By BNET Editorial
published on BNET.com 12/18/2007
An increasing number of marketing activities including advertising, direct marketing, relationship-building, customer service, and channel support are now Internet-based. It’s essential to identify the activities that can move effectively to the Web and ensure that they're produced to the same rigorous standards as traditional marketing activities. An online strategy can reduce the costs of doing business by making it easier and quicker to provide information. In the longer term, it can provide a basis for better collaboration with customers, suppliers and business partners.
What You Need to Know
Is online strategy different to traditional business and marketing strategy?
As many of the dot.com pioneers found, the basics of business and marketing do not change. An online strategy will not succeed unless it offers the right products or services to the right target audience. An online strategy offers more options for reaching the market and delivering certain types of product or service. Traditional marketing methods, such as advertising, direct mail and public relations continue to be widely used, but online marketing techniques add a new dimension to the marketing mix.
What to Do
Set Your Objectives
You can develop an online strategy that complements your existing business and marketing strategy, or you may wish to move all your resources into an online strategy.
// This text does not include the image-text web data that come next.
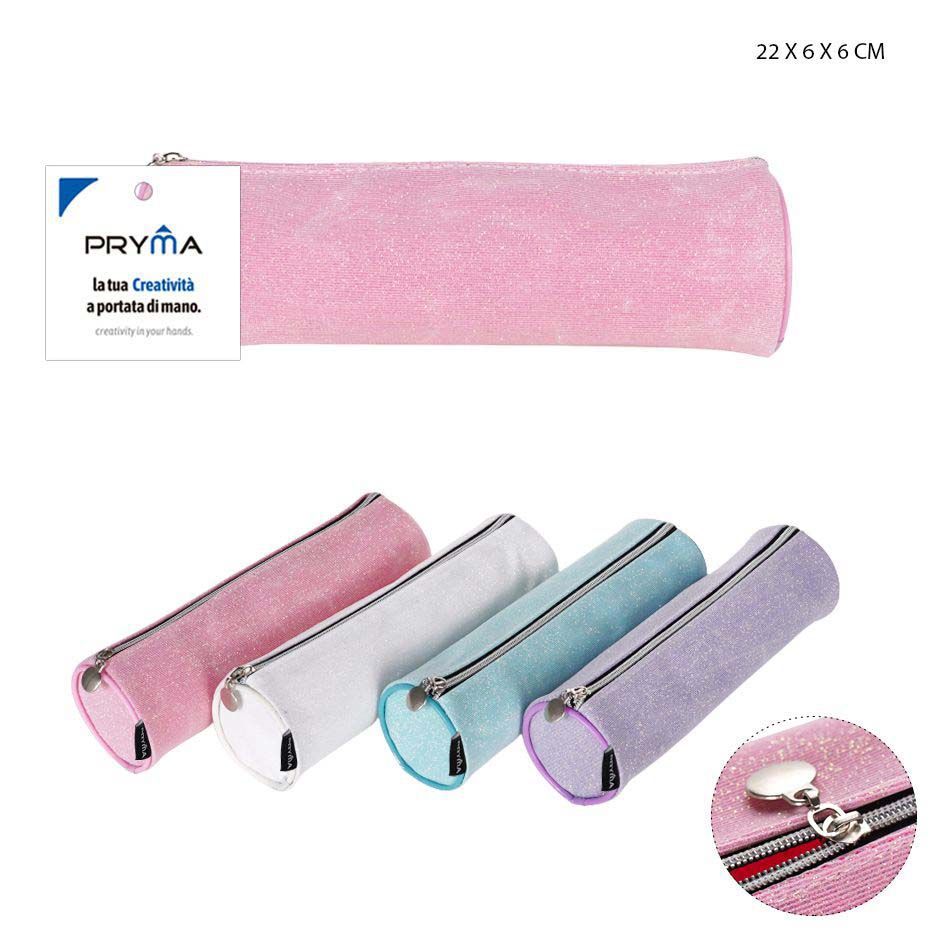 Estuche purpurina 22x6x6cm para material escolar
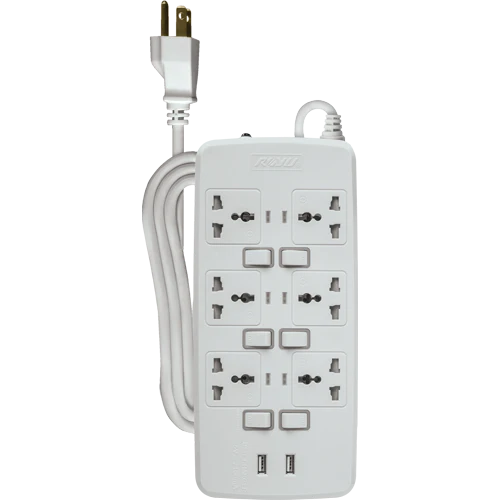 Royu REDEC726 (6-Gang) Individual Switches & 2 USB Ports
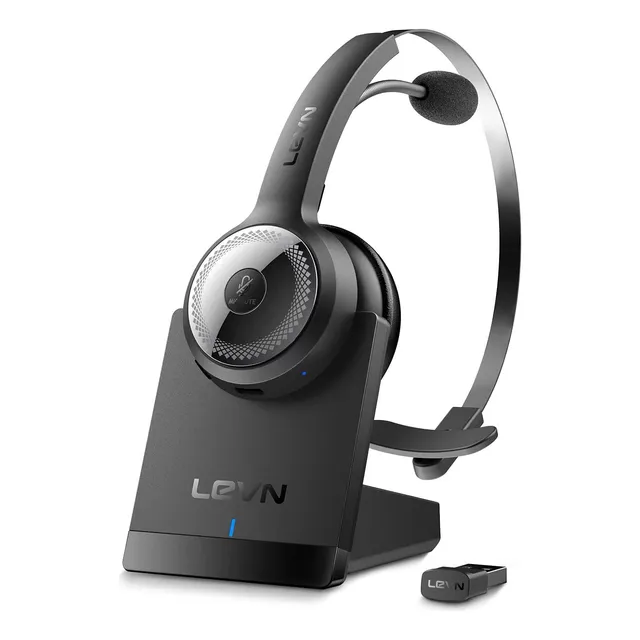 Audifonos Inalambrico Bluetooth Call Center Llamadas 35h Usb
You can use an online presence to achieve a number of important objectives, including:
• raise awareness among a wider audience
• market your products across a wider geographical territory
• reduce the cost of sales and marketing
• increase the accuracy and efficiency of marketing
• reduce the cost of customer service
• improve convenience for customers
• increase customer retention.
Plan Your Web Site Strategy
Your Web Site is at the heart of your online strategy. Depending on the nature of your business, your Web Site can have many different roles, but everything within your site should have one purpose—to get your visitors to take action. Ultimately, that means placing an order with you online or offline—but the Web Site can support many of the processes before and after the sale:
• request or download product and service information
• read case studies
• find out about your company
• contact you to request a sales call
• find out about support services
• request delivery details
• get answers to technical queries.
To support those processes, you need to plan the right content for your Web Site and build in facilities to deliver services and information in a convenient cost-effective way.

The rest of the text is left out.